--- TASK INPUT ---

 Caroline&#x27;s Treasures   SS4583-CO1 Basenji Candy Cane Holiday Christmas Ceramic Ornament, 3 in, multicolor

---
--- TASK INPUT ---

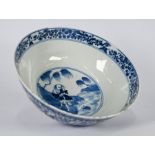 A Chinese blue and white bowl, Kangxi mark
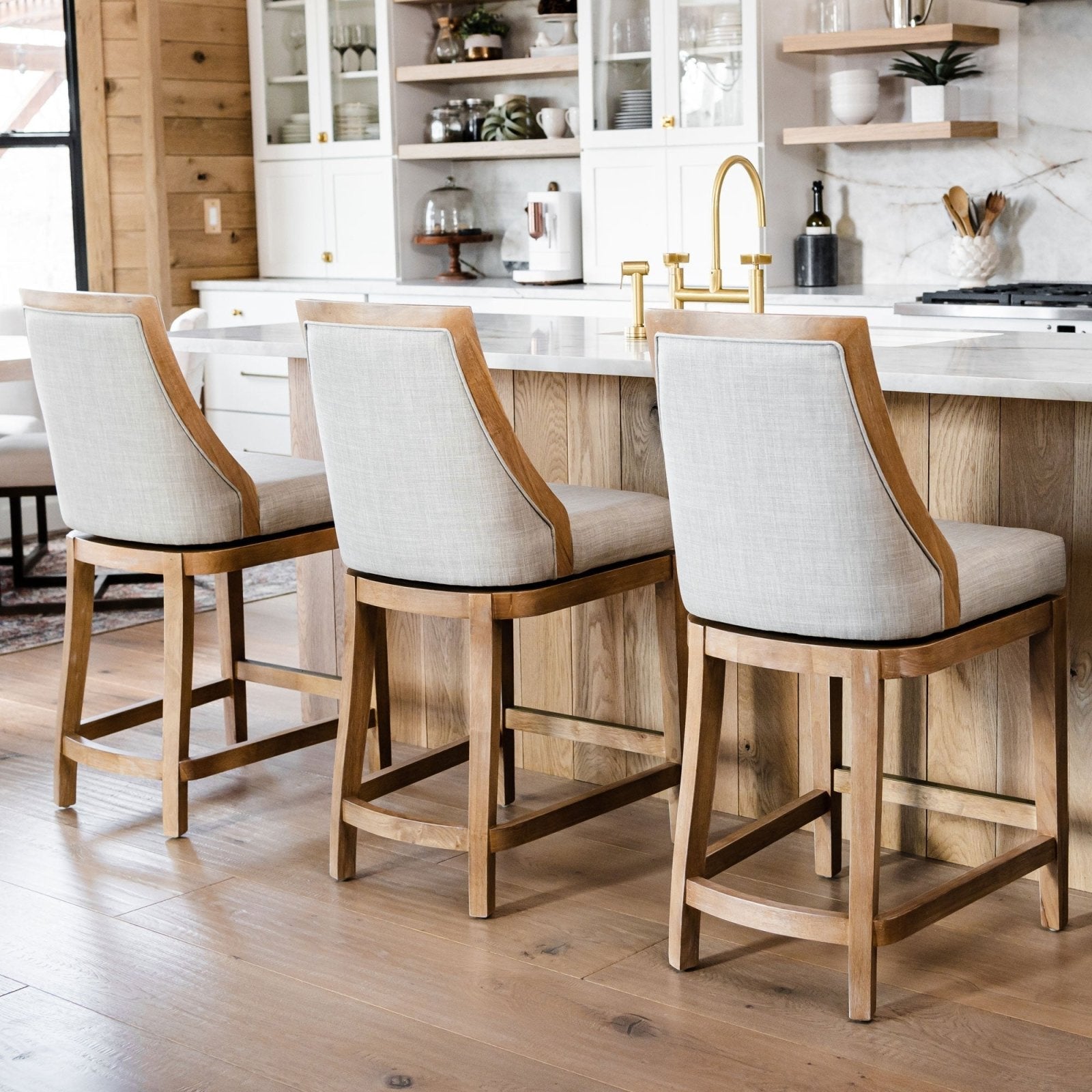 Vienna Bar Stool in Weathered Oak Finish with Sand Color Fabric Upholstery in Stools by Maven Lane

---
--- TASK INPUT ---

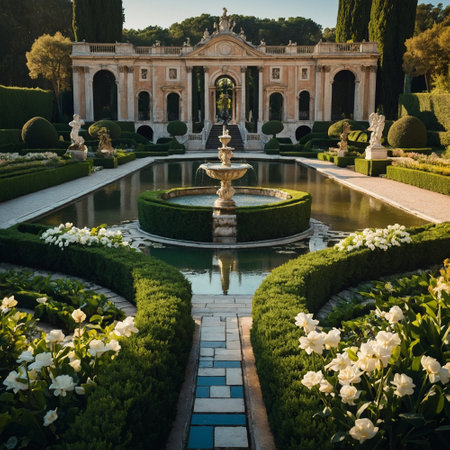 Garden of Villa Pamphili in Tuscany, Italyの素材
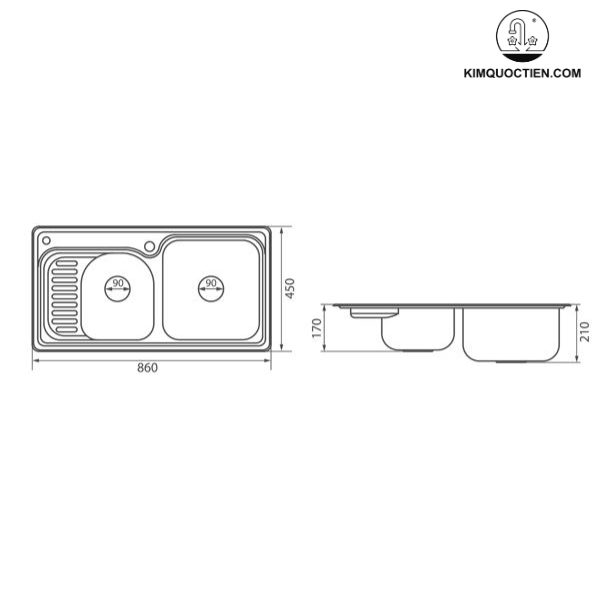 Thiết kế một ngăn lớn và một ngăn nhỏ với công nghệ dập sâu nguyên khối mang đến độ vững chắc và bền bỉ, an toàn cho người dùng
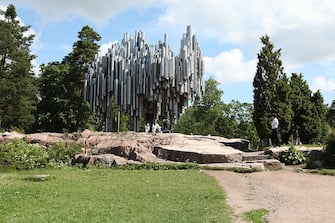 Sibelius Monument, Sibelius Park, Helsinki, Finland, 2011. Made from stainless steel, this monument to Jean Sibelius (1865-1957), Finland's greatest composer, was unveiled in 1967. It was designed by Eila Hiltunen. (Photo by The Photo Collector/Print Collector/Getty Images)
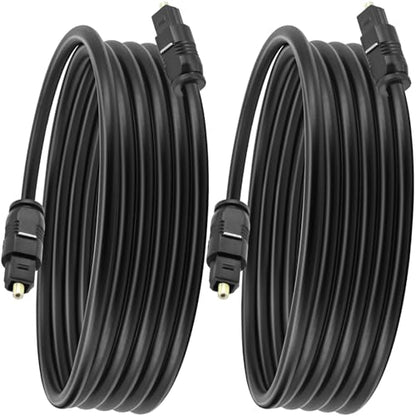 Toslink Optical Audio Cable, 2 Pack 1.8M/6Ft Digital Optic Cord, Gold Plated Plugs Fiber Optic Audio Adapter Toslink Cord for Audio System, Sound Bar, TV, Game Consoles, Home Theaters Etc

---

▶ _WORK TASK_
When you reach the line with "Sibelius Monument, Sibelius" in the records above, begin repeating the lines exactly, and stop after the line with "Toslink Optical Audio". Skip all pictures.

▶ _EXERCISE SOLUTION_
 Sibelius Monument, Sibelius Park, Helsinki, Finland, 2011. Made from stainless steel, this monument to Jean Sibelius (1865-1957), Finland's greatest composer, was unveiled in 1967. It was designed by Eila Hiltunen. (Photo by The Photo Collector/Print Collector/Getty Images)
 Toslink Optical Audio Cable, 2 Pack 1.8M/6Ft Digital Optic Cord, Gold Plated Plugs Fiber Optic Audio Adapter Toslink Cord for Audio System, Sound Bar, TV, Game Consoles, Home Theaters Etc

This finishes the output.